To protect the current sector structure that combines both small stores and larger distribution chains, regulations limit the participation of foreign operators in retail and wholesale businesses by enforcing the need to participate in joint-venture agreements with Tunisian firms. Regulations are especially limiting for the establishment of hypermarkets, as the rules set limits on the number of such facilities in any one area, and permits require authorisation by the Ministry of Industry and Trade.
Despite this, modern retail distribution channels are growing rapidly, with the government aiming for such businesses to make up 50% of the market in the coming years, up from 20% in 2017. As of mid-2017 there were over 250 modern distribution stores, including two hypermarkets, 150 supermarkets and over 100 smaller shops.
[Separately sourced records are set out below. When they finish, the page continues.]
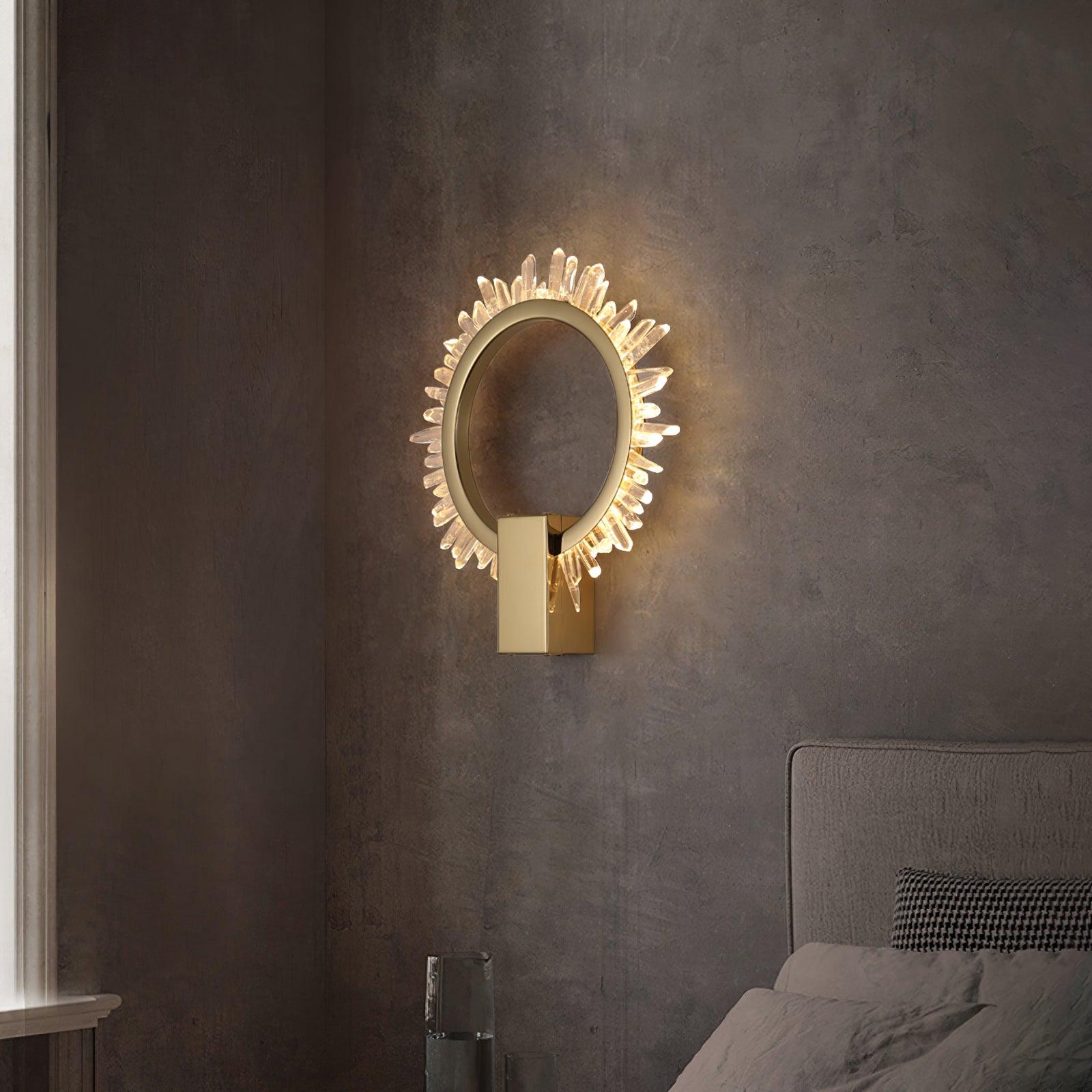 Modern Natural Crystal Wall Sconce Luxury Gold LED Wall Mounted Lighting Fixture
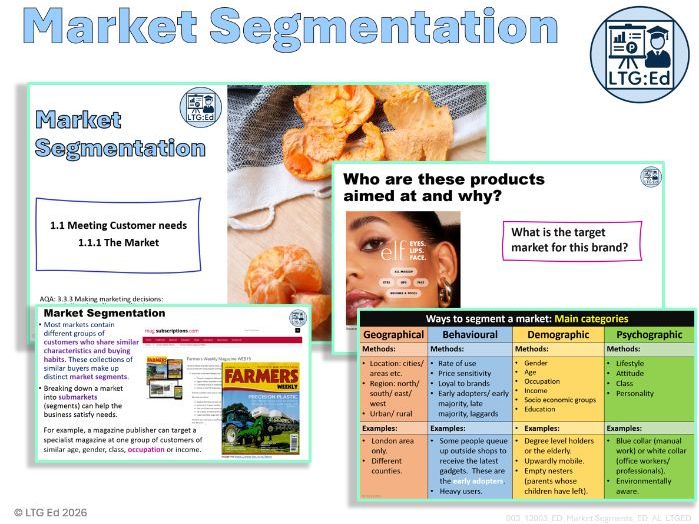 003:Market Segmentation - YR 12 - A-Level - Edexcel Theme 1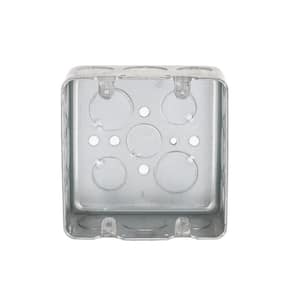 4 in. W x 2-1/8 in. D Metallic 2-Gang Two-Device Square Switch Box with Eleven 1/2 in. KO's and Six 3/4 in. KO's, 1-Pack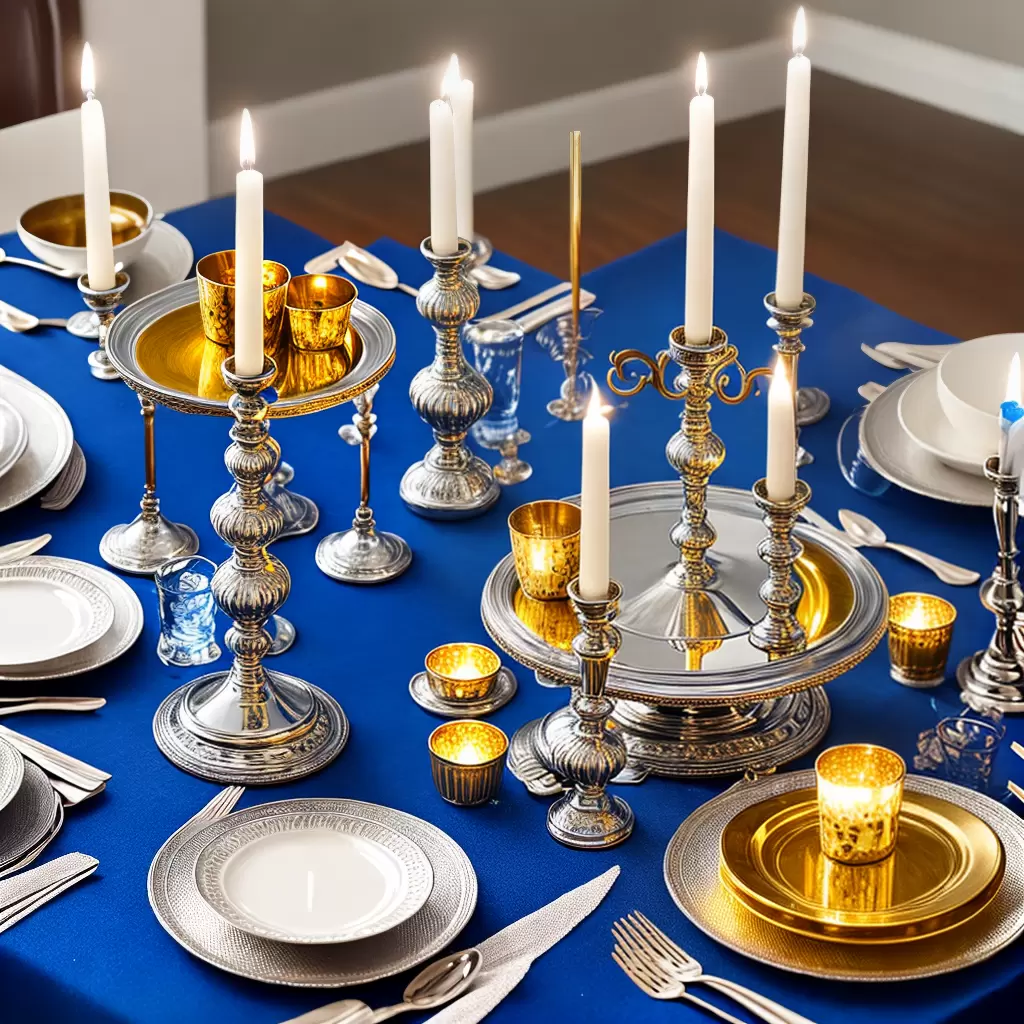Fotos menorah prata velas azul hanukkah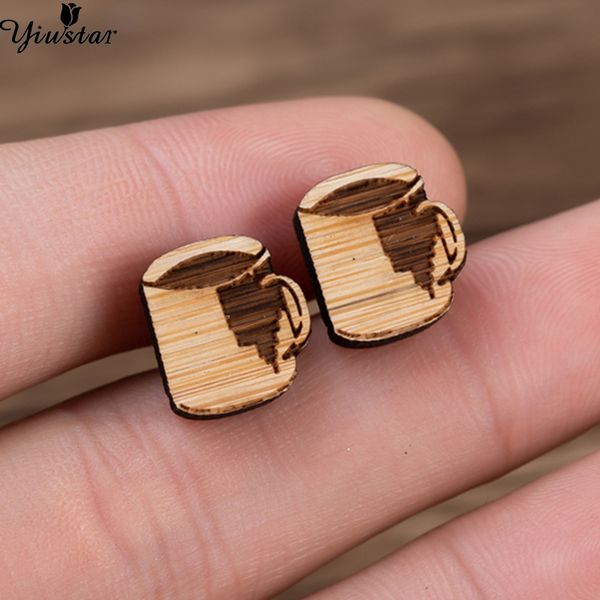 yiustar новое прибытие крошечные симпатичные чашки серьги для девочек дети маленькие деревянные серьги уникальная чашка кофе рождество уха, Golden;silver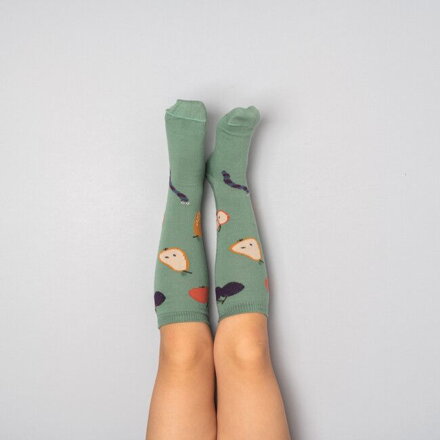 MOE - Detské podkolienky - zelené Ovocie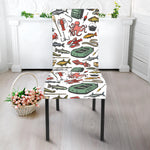 Fishing Equipment Pattern Print Dining Chair Slipcover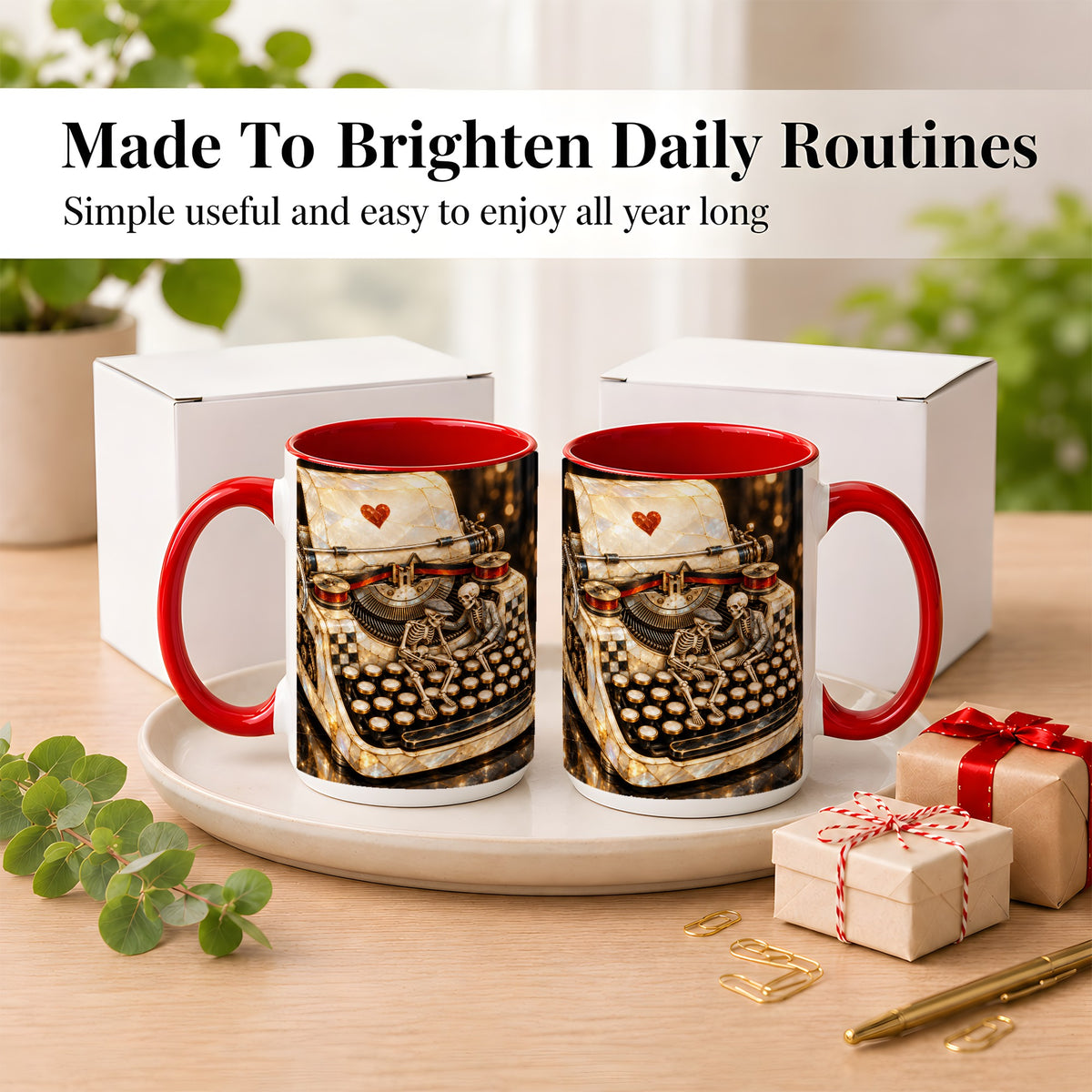 #pl[15oz|Red] Pearlescent Typewriter Coffee Mug, Skeleton Couple Mug, Ceramic Cup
By 2019, $670m is set to be invested in the construction of six new hypermarkets, each with a retail area averaging 1500 sq metres, according to Export.gov.
Another important development helping to bring big-name brands into the country is the construction of modern shopping centres. Although the concept of dedicated retail areas has been present domestically for years, such properties have historically been limited to B- and C-class real estate, lacking modern amenities and global brands. However, the country has witnessed an expansion of modern commercial space, especially with the opening of Tunisia Mall in December 2015, which marked a milestone in the sector’s development. This 37,000-sq-metre shopping facility in the upscale neighbourhood of Berges du Lac in the capital, was constructed by local developer Chaabane Group for TD130m (€49.9m).
November 2017 saw the inauguration of Tunisia Mall II, a 28,000-sq-metre extension bringing the entire complex to over 60,000 sq metres, housing 130 brands. At an estimated cost of TD58m (€22.3m) Tunisia Mall II will create nearly 500 jobs, with the shopping centre expecting an annual footfall of over 5m people, or nearly 15,000 per day – similar to figures seen with the first Tunisia Mall opening.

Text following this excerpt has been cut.